● Exercise: Transcribe only part of the material below: the lines from the one containing "vidaXL Trädgårdsoffset med" through the one containing "cardboard word of iron on wooden background cardboard", inclusive, exactly as written.

● Material shown:
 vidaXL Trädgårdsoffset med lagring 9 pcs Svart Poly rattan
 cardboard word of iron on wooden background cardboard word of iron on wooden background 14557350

...

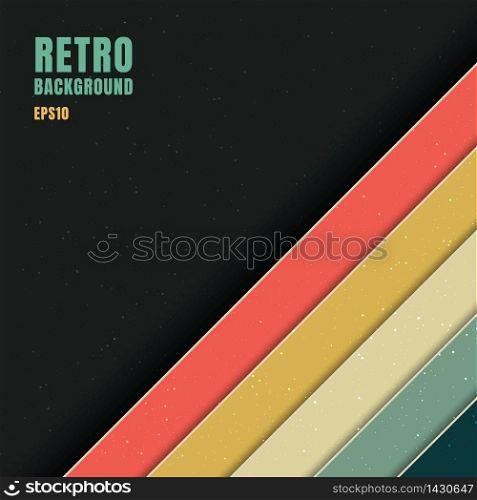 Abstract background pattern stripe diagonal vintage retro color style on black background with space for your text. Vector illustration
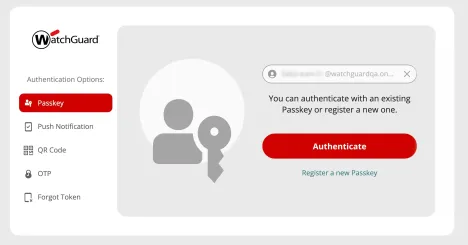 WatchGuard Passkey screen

● Exercise result:
 vidaXL Trädgårdsoffset med lagring 9 pcs Svart Poly rattan
 cardboard word of iron on wooden background cardboard word of iron on wooden background 14557350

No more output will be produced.